Vimeo, the IAC-owned platform for hosting, sharing and monetizing streamed video, has made an acquisition to expand into providing more creation and editing tools. The company has acquired Magisto, a startup founded in Israel that currently has over 100 million users that focuses on providing tools to create and edit short-form videos, providing not just editing but sourcing of music, stock photos and other elements as part of the mix.
Vimeo — which itself has 90 million members in over 150 countries — says that the two will work together “to develop entirely new short-form video creation capabilities for the Vimeo platform, with the goal of helping any individual or business tell their stories with professionalism and ease.”
Terms of the deal were not disclosed — but we are trying to find out. Magisto had raised around $23 million since 2010 from a mix of financial and strategic investors. The list includes Magma Venture Parnters, Horizons Ventures, Kreos Capital, Qualcomm, SanDisk and the Mail.Ru Group. Notably, it hadn’t raised any funding since 2014, according to Pitchbook data. The deal is set to close in Q2 of this year.
Magisto has around 75 employees in California and Israel, all of which are coming over with the deal.
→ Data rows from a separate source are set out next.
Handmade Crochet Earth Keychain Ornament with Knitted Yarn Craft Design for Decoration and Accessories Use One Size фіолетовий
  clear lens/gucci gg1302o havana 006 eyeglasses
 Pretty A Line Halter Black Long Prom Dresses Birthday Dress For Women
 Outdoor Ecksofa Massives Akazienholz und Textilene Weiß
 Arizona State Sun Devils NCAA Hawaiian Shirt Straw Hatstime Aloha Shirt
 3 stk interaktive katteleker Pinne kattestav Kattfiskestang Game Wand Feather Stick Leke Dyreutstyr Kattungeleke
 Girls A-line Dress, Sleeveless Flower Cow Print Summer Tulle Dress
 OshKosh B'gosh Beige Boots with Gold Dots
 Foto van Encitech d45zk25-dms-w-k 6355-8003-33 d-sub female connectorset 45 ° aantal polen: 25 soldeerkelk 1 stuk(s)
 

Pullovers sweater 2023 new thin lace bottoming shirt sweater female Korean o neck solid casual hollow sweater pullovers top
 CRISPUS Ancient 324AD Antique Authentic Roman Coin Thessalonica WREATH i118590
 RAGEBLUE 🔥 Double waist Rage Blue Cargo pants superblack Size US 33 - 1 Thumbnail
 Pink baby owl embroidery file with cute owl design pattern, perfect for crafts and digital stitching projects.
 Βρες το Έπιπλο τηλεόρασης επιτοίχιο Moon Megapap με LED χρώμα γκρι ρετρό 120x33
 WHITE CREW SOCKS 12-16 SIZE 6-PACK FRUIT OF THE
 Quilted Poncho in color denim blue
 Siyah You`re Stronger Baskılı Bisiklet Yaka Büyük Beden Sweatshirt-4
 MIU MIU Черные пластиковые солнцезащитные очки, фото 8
The deal underscore’s Vimeo’s strategy to position itself as a one-stop shop for companies or individuals that publish videos online — either as part of publicity campaigns or as the basis of a bigger project. The idea is that this will help Vimeo get bigger margins per customer by providing more services. Today, Vimeo’s pricing starts at free for its basic membership, with five paid tiers starting $7 per month and extending up to $75 per month (if billed annually; the price is higher if you pay monthly) that vary in terms of how much video you can store, how many users you can have on your account, as well as enhanced video playing, privacy, collaboration and distribution features.
Magisto, meanwhile, has three tiers of service, priced at $4.99, $9.99 or $34.99 per month, depending on whether you want longer video, more editing tools (including stock music and photos), or higher quality video downloads, among other bells and whistles.
It’s about time that Vimeo worked to capitalise on what it already offers. In an age where some of the most popular services online are streaming media sites like YouTube, broadband connectivity is ubiquitous, and people are always on the go, video has become one of the primary ways that people express themselves, and get the word out.
“Social media has sparked an insatiable demand for video – audiences today expect high-quality video content from every business, regardless of size or budget. But we’ve found that most small businesses don’t have the tools, resources or expertise to meet this increased demand,” said Anjali Sud, CEO of Vimeo, in a statement. “Magisto’s proprietary technology enables cutting edge mobile apps and AI-powered editing tools which, combined with Vimeo’s scale and unmatched creator community, will empower more people to tell compelling stories through video.”
In addition to developing new tools, Vimeo said that Magisto will be getting a Vimeo integration in order to publish and monetize videos that they create on Magisto currently.
The two already have a lot of synergy as they both tap the same customer base: smaller customers that are turning to video and online tools to create it to get the word out about themselves, without the big budgets and other pricey resources that larger businesses might have.
“Magisto guides entrepreneurs and small business owners through the video storytelling process, helping them use video effectively to grow their business and engage with audiences,” said Oren Boiman, founder and CEO of Magisto. “We level the playing field so that any business can move fast and compete in today’s video-first world. We’re thrilled to join Vimeo’s industry-leading platform, and to power their vision to make professional quality video creation accessible to all.”
This is Vimeo’s fifth acquisition, according to Crunchbase, and it’s the first in nearly two years, after Vimeo acquired Livestream in September 2017.